In the 15 minutes following the posting of that link, there have been zero clicks, 36 IPv4 lookups, 6 IPv6 lookups.
I just registered hnypot [dot] info for a few bucks and will see if I can get wildcard DNS running with some tracking. Haha, I don't want to type the name as a link until I get the tracking going...
If anybody wants to collaborate or you just want an NS delegation off that name to try to roll your own, just let me know!
It is a short name, so it's likely that it'll be found. But the real honeypot would be the large hashed subdomains that you would use as bait.
I don't think the main site or its www subdomain would need to be secret. Of course, if it uncovers some huge invasion of privacy, we might have to set up an army of different domains running similar software on separate IPs to keep it effective.
When you type into the chrome omnibox, it sends your keystrokes to Google to give you search suggestions. Just using those would be sufficient, and I don't think they really hide that it's sending your input along. If someone does a Google search for a URL, we expect it to get added to the index; why is it different when the search occurs in the omnibox rather than their web interface?

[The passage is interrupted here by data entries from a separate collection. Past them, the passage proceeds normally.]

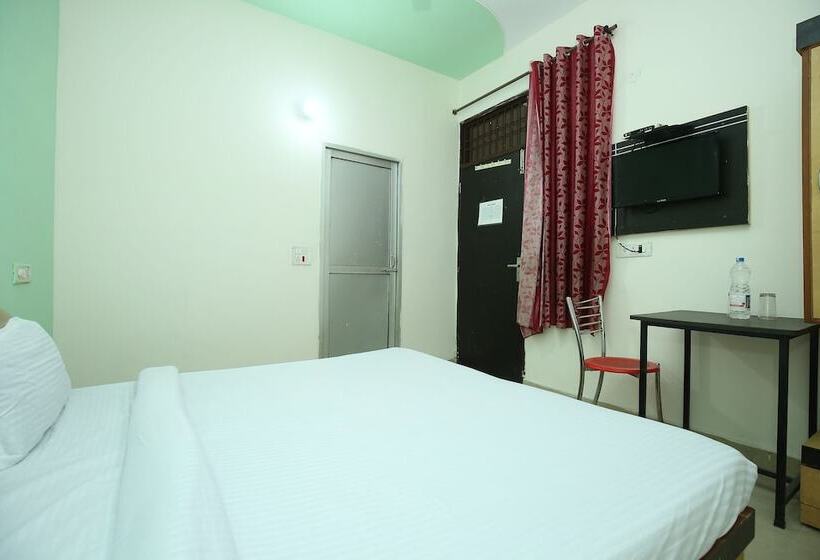 酒店 Spot On 38121 Sunshine Lodge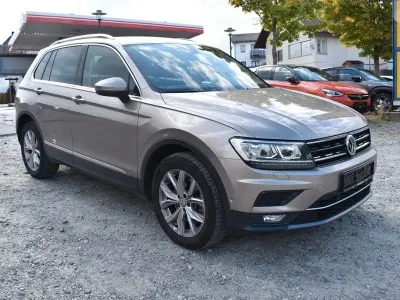 Gebraucht VW Tiguan Highline 190 PS (139 kW) 2019 Titanium beige (metallic) SUV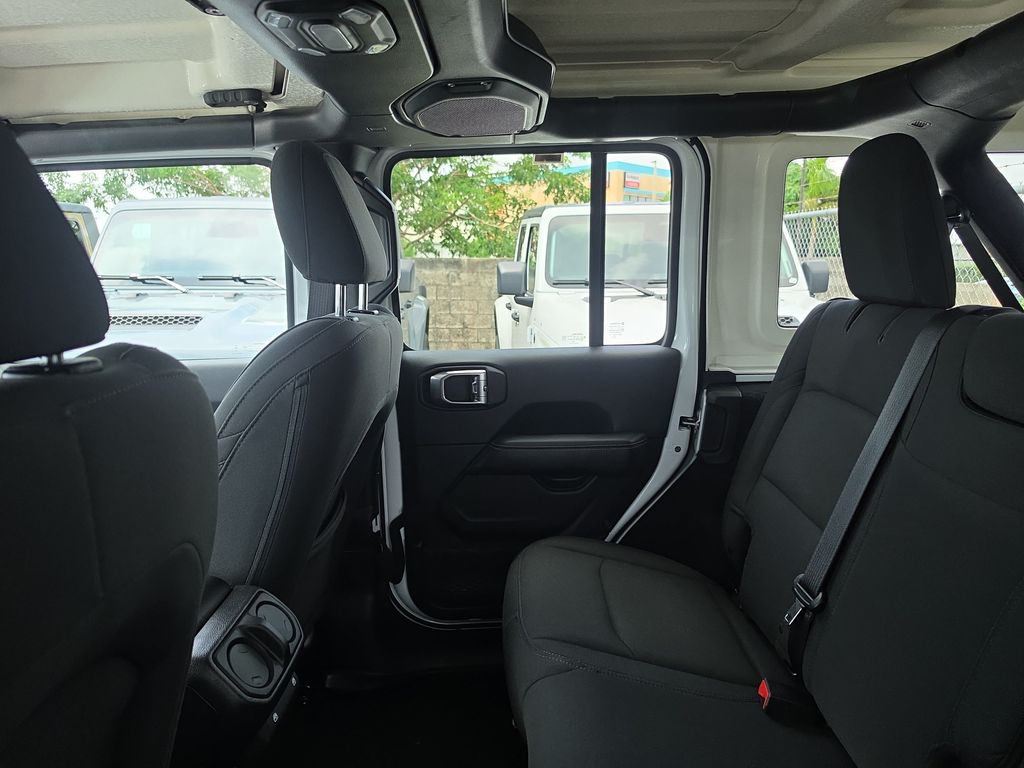 2018 Jeep Wrangler Unlimited Sahara - photo 12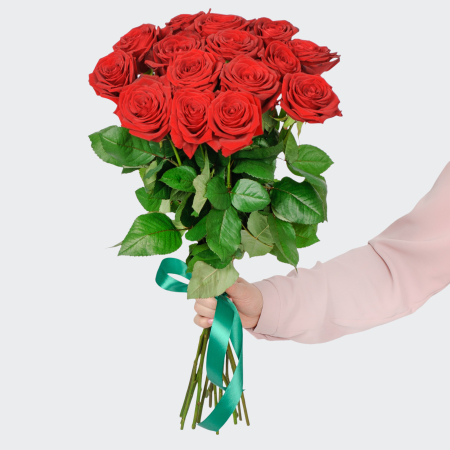 Букет 15 красных роз Ред Наоми (60 см) Букет 15 красных роз Ред Наоми (60 см)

URLs don't go through google when you type them in Chrome's URL box, they go directly to the address. Chrome only sends things to Google that it can't interpret as a URL.
Actually it looks like URLs do go to google's suggestion service as you type into Chrome's URL box.
I tried typing "http://then and it suggested a UPS package URL and "thenicestplaceontheinter.net". I've not been to either of those pages before (I use Chrome for testing, so I'm not signed into it, etc).
Good point, come to think of it, the last time I had to deal with this, it could have been caused by a number of entries into google, such as embedding google analytics .js even on the staging site, or running a test on the google page speed tools, etc. But they certainly have a HUGE amount of opportunity to snap up new URLs across all their services.